[Short descriptive text snippets]

◇ ◇ ◇

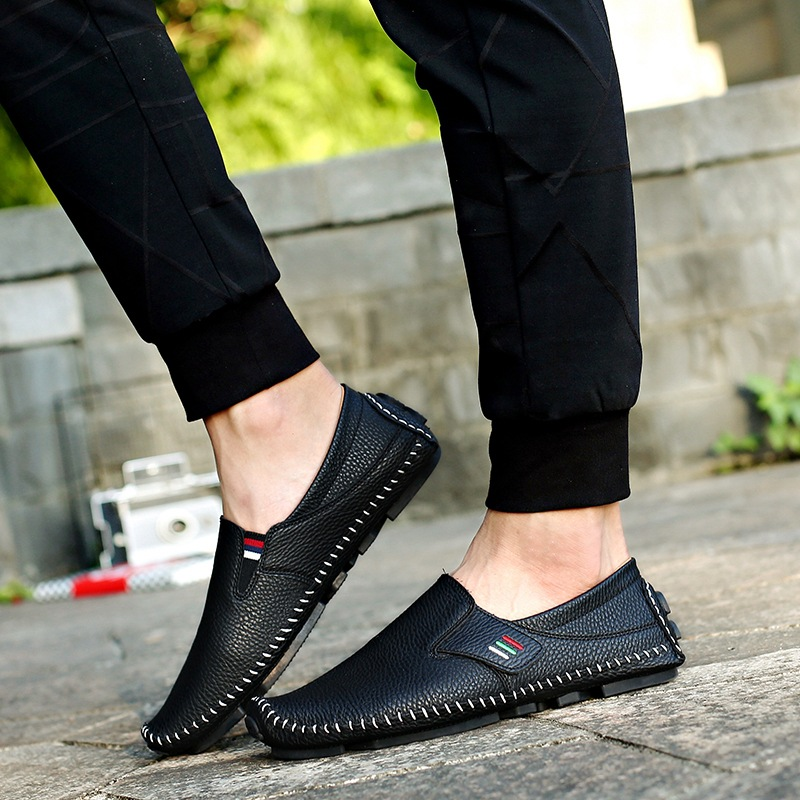 Man wearing elegant Italian-style slip-on loafers, perfect men's fashion for a refined casual look.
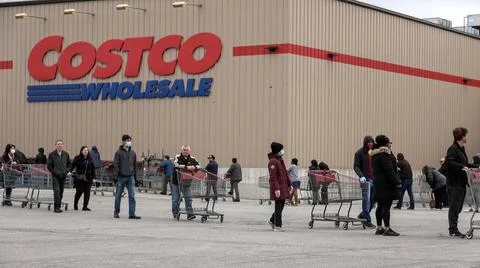 Shoppers Practicing Physical Distancing While Lining Up Outside Costco Store Stock Photos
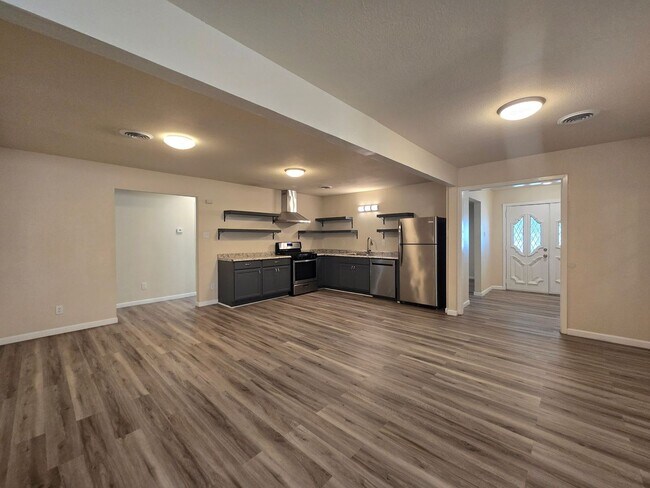 Building Photo - RENT REDUCTION - AVAILABLE NOW!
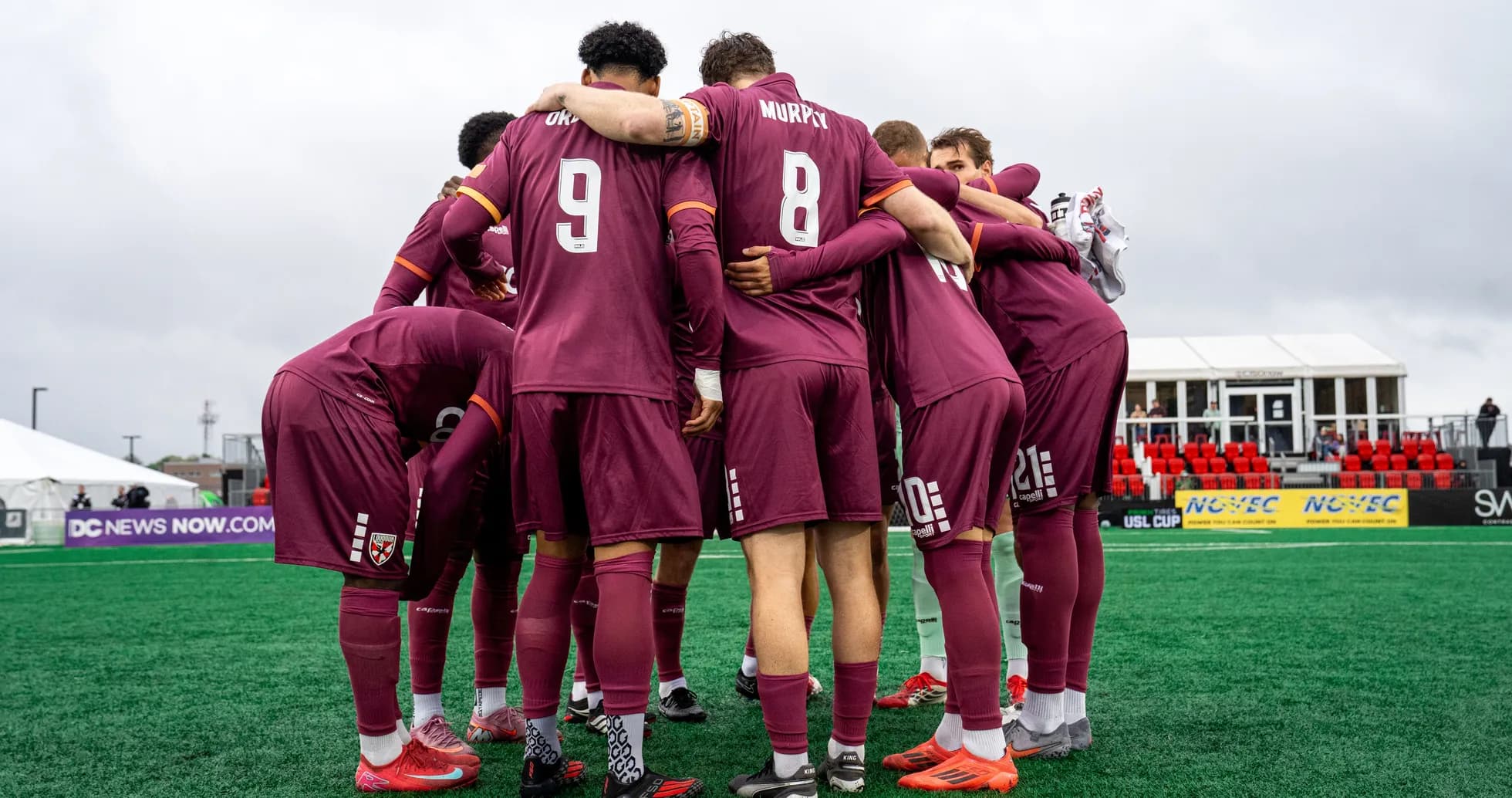 Players huddling before the match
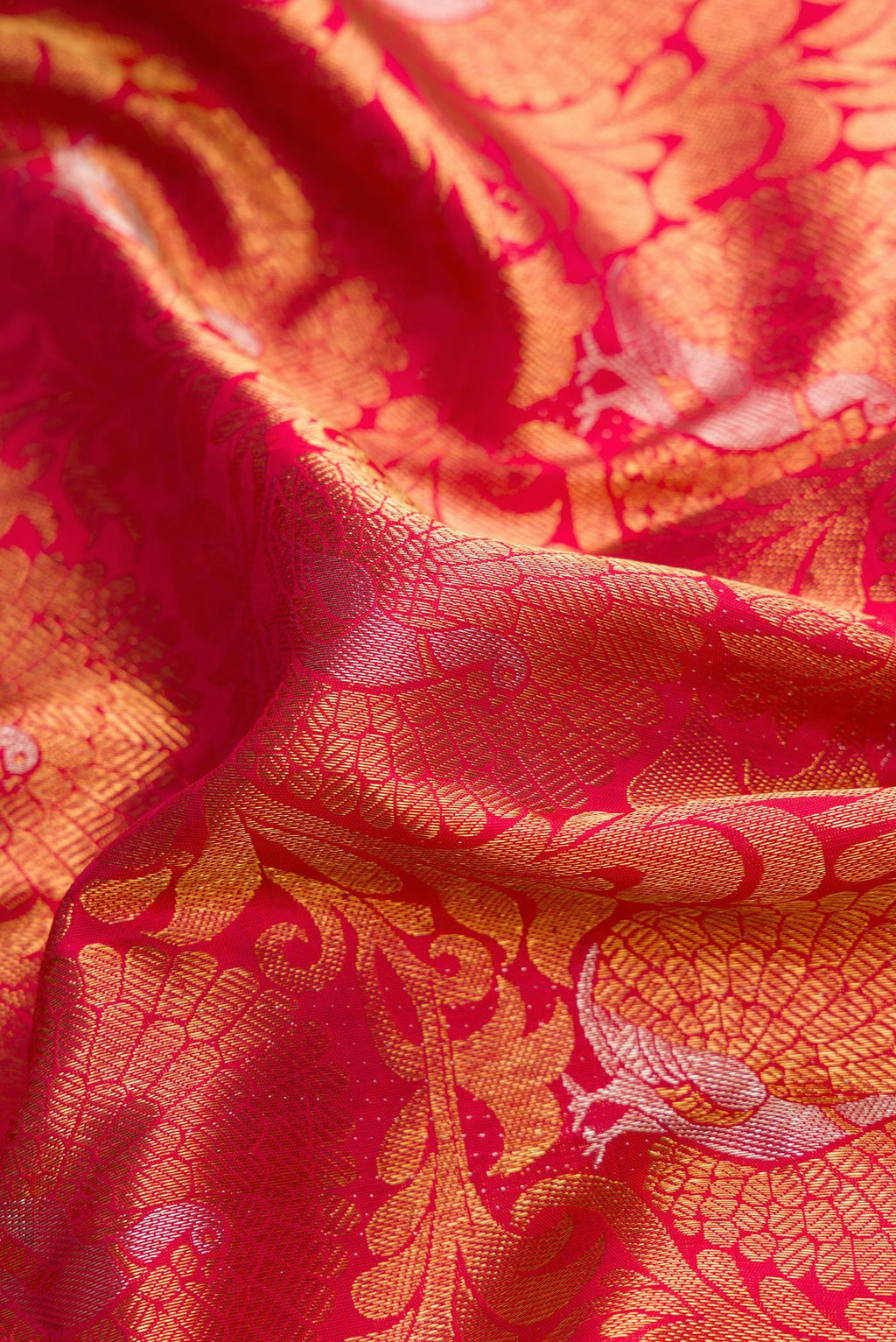 Close up of Pure Silk Pure Zari Dark Pink Dual Tone Kanjivaram Saree with Zari Brocade on the body and Zari Border.  displaying folds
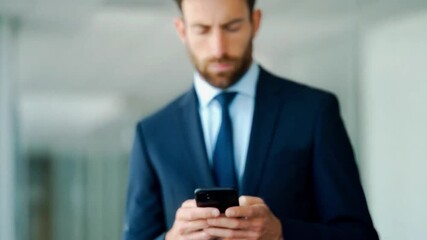 4K video of focused businessman in formal suit using smartphone in modern office hallway, checking emails or texting, symbolizing communication, productivity, and digital business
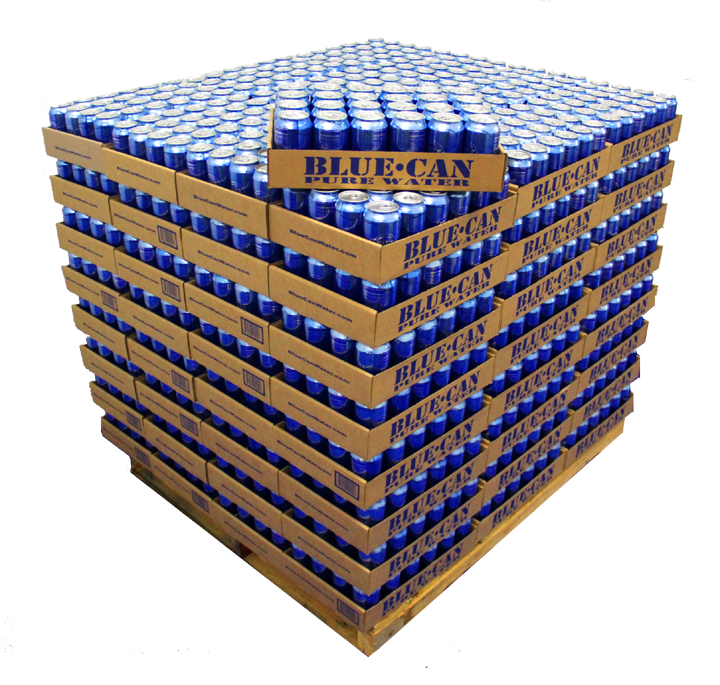 Large cube of cardboard cases sitting on pallet filled with drinking cans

◇ ◇ ◇

▶ **WHAT TO PRODUCE**
Only the lines from where the data begins to the line with "Players huddling before the match", both of them included, should be reproduced word for word; no pictures.

▶ **COMPLETED TASK**
 Man wearing elegant Italian-style slip-on loafers, perfect men's fashion for a refined casual look.
 Shoppers Practicing Physical Distancing While Lining Up Outside Costco Store Stock Photos
 Building Photo - RENT REDUCTION - AVAILABLE NOW!
 Players huddling before the match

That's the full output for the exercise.